Gaussian Processes: - Covariance kernel: \(k(x_i, x_j)\) - Describes correlation between function values at different points - Kernel encodes our assumptions about smoothness

Both describe systems through their second moments (covariance structure). Both assume underlying smooth fields (gravitational potential for stars, latent function for GPs). The mathematics of characterizing systems by their correlations is universal!

Part 3 Synthesis: The Universal Diagnostic

The virial theorem isn’t just an equation – it’s nature’s way of telling us when a gravitational system has found its balance. Its universality is breathtaking:

Why It Works Everywhere

The virial theorem applies to any system where:

  1. Gravity is the dominant force (\(1/r\) potential)
  2. The system has had time to relax toward equilibrium
  3. External influences are negligible

This covers:

  • Molecular clouds (with thermal pressure included)
  • Star clusters (pure gravity)
  • Galaxies (stars + gas + dark matter)
  • Galaxy clusters (galaxies + hot gas + dark matter)
  • The cosmic web (on appropriate scales)

The Dark Matter Revolution

The virial theorem’s greatest triumph was revealing the invisible universe:

  1. Observe: Velocity dispersions in clusters
  2. Apply virial: \(M = R\sigma^2/G\)
  3. Compare: Virial mass >> visible mass
  4. Conclude: Dark matter exists!

This simple application of statistical mechanics revolutionized cosmology.

Your Computational Toolkit

For Project 2, the virial theorem becomes your:

  • Equilibrium diagnostic: Is your system settled?
  • Energy conservation check: Is your integrator working?
  • Initial condition validator: Are you starting near equilibrium?
  • Physical insight tool: Understanding energy partition

The same theorem that revealed dark matter will debug your code!

Important Limitations

The virial theorem assumes:

  • Spherical symmetry: Many real clusters are triaxial (football or disk-shaped).
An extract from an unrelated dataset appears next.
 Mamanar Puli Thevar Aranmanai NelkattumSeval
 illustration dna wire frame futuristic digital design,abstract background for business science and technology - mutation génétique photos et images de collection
The scalar virial theorem is an approximation; the full tensor version accounts for shape.
  • Isolated system: Tidal fields from neighbors can strip stars
  • Time-averaged equilibrium: Real systems evolve, merge, and disrupt
  • Point masses: Close binaries and extended objects violate this
  • Pure \(1/r\) potential: Modified gravity or dark energy would change the factor

Despite these limitations, the virial theorem remains remarkably useful because: 1. The tensor virial theorem can handle non-spherical shapes 2. Many clusters are approximately isolated over several dynamical times 3. Systems naturally evolve toward virial equilibrium (though may never fully reach it) 4. Deviations from \(2K + W = 0\) tell us about non-equilibrium dynamics

The virial theorem is like the ideal gas law - never perfectly true but almost always useful!

Warning📊 Note for Observers: Systematic Uncertainties

When measuring cluster masses using the virial theorem, always consider:

  • Projection effects: We see 2D projections of 3D systems
  • Anisotropy: The \(\beta\) parameter affects mass estimates (see Part 2)
  • Binaries: Unresolved binary stars inflate velocity dispersion measurements
  • Membership: Which stars actually belong to the cluster? Interlopers contaminate measurements
  • Non-spherical shape: Real clusters are often triaxial

These systematic effects typically introduce 20-50% uncertainties in mass estimates. Always quote error bars!